Der einzige Punkt, den Ministerin Gebauer für 2020 ankündigte, ist die „Fertigstellung der Agenda für berufliche Bildung“. Aber auch hier blieb sie unkonkret und unambitioniert. Dafür, dass die Agenda nach den Worten von Ministerin Gebauer vor der Fertigstellung steht, fehlten klare Ansagen, was die Agenda bringen wird, welche Antworten zu erwarten sind. Denn die Aufgaben sind ausreichend im vergangenen Jahr von verschiedener Seite thematisiert worden: So hat die berufliche Bildung spezifische Probleme, Lehrkräfte zu gewinnen, auf die auch das von Ministerin Gebauer angesprochene 3. Maßnahmenpaket zur Lehrergewinnung keine Antworten gibt. Technische Lehrkräfte, Fach- und Werkstattlehrkräfte müssen gezielt gewonnen und qualifiziert werden. Ihre Tätigkeit muss attraktiver gestaltet sein und ihnen müssen Laufbahnperspektiven eröffnet werden. Eine Stärkung der beruflichen Bildung ist ohne eine verbesserte personelle Ausstattung nicht effektiv zu erreichen, zumal das Berufskolleg die Schulform ist, bei der die strukturelle Unterversorgung (Kienbaumlücke) am größten ist.
Vor diesem Hintergrund frage ich die Landesregierung:
1.           Welche verbindliche Zusage an Unterstützung und Ressourcen hat die Landesregierung für die Grundschulen, die seit über zwei Jahren auf die versprochenen Verbesserungen warten?

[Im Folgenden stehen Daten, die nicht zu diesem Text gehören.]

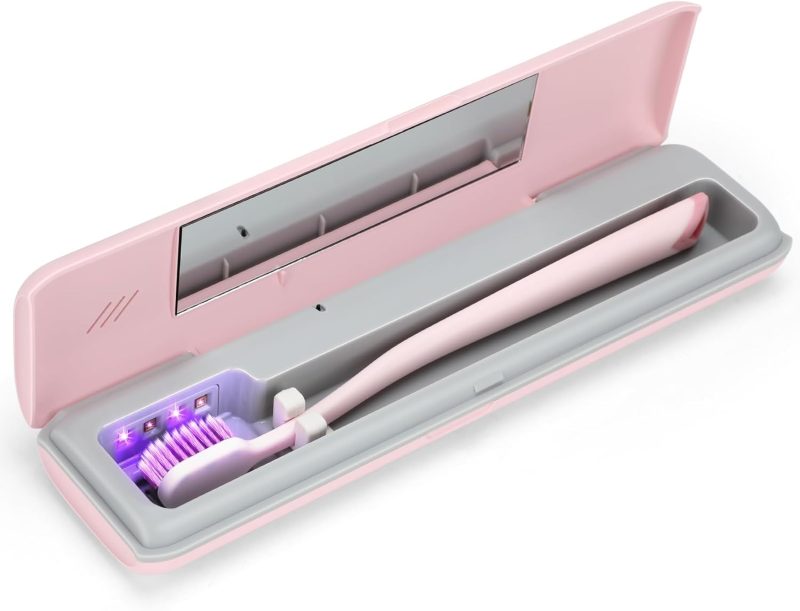YourMate Toothbrush Sanitizer Case Travel Toothbrush Covers Case for Houshold and Traveling Power by AA Battery or USB-C
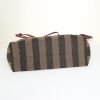 Shopping bag in tela con stampa a motivo rigato marrone e pelle - Detail D4 thumbnail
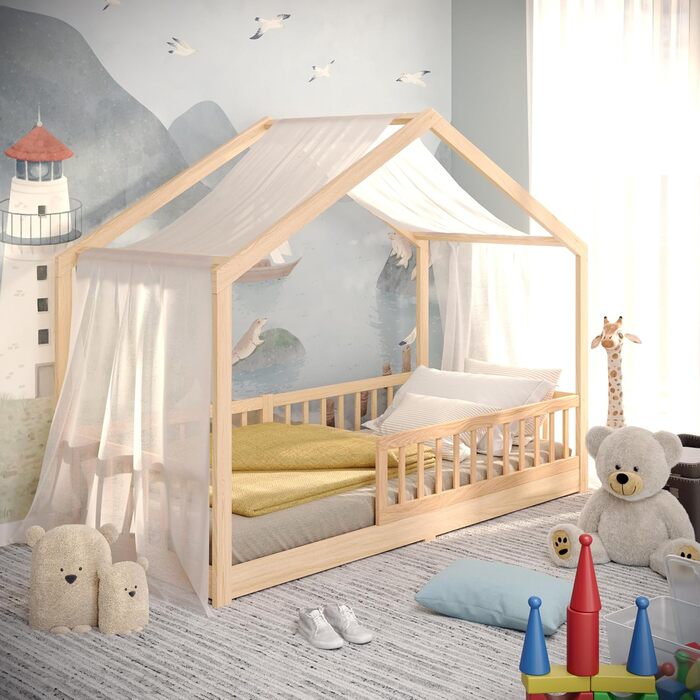 CADANI Мальте - ліжко-будиночок для дітей 120x200 см, біле, Montessori з бортиками, трансформується, з ламелями, до 200 кг, білий (90 x 200 см, натуральний)
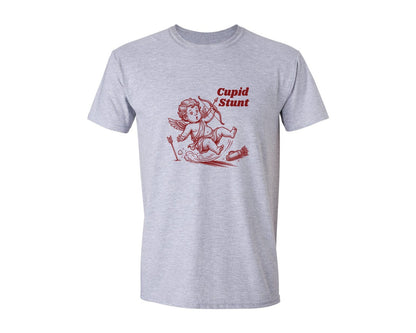 brand:Generic|color:Sports Grey / Athletic Heather|Fallen Cupid Stunt Funny Valentine Graphic T-Shirt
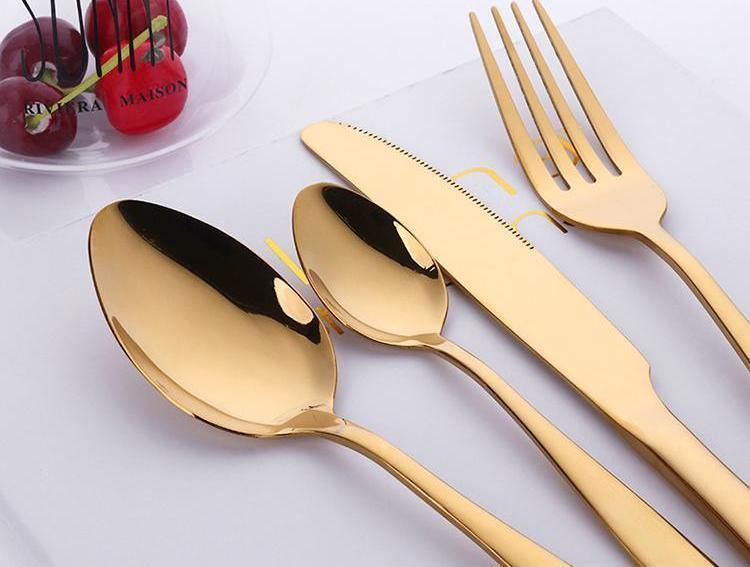 4 Coloured Modern Metal Cutlery Set - Nordic Side -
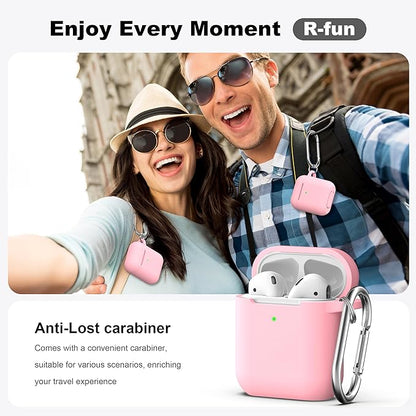 R-fun Compatible with AirPods Case Cover, Soft Silicone Protective Cover with Keychain for Women Men Compatible with Apple AirPods 2nd 1st Generation Charging Case, Front LED Visible,Pink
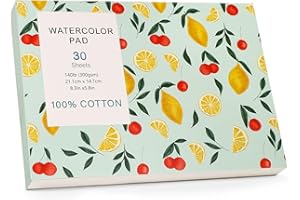 WSICSE Watercolour Paper Pad 300GSM, A5 Cotton Watercolour Sketchbook 30 Sheets Cold Press Water Colour Paper for Artist Student, Art Painting Drawing Mixed Media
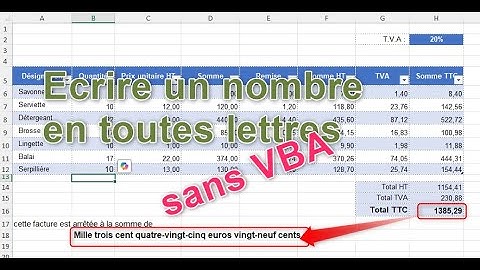 Excel : Ecrire un nombre en toutes lettres sans VBA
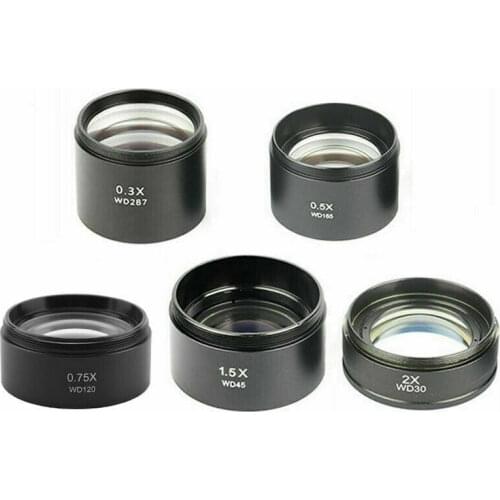 0.3X 0.5X 0.75X 1X 1.5X 2X Stereo Microscope Barlow Objective Lens Mounting M48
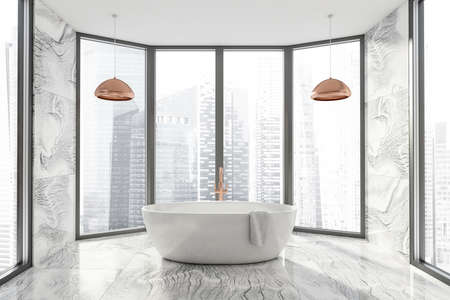 Modern Bathroom interior in new luxury home. Stylish hotel room. Open space area. Marble walls and floor. White bathtub. Panoramic window. 3d rendering.の写真素材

2.           Wann ist mit der umfänglichen Umsetzung der Formel 25-3-1,5 für die Schulen, die das Gemeinsame Lernen durchführen, zu rechnen?
3.           Wann ist mit der Fertigstellung der Agenda berufliche Bildung zu rechnen?
4.           Welche Maßnahmen plant die Landesregierung zur Gewinnung, Laufbahnattraktivierung und Qualifizierung von Technischen, Fach- und Werkstattlehrkräften?
5.           Wie lauten die Ergebnisse der Abfrage der Bezirksregierungen zum Einsatz von Werkstattlehrkräften?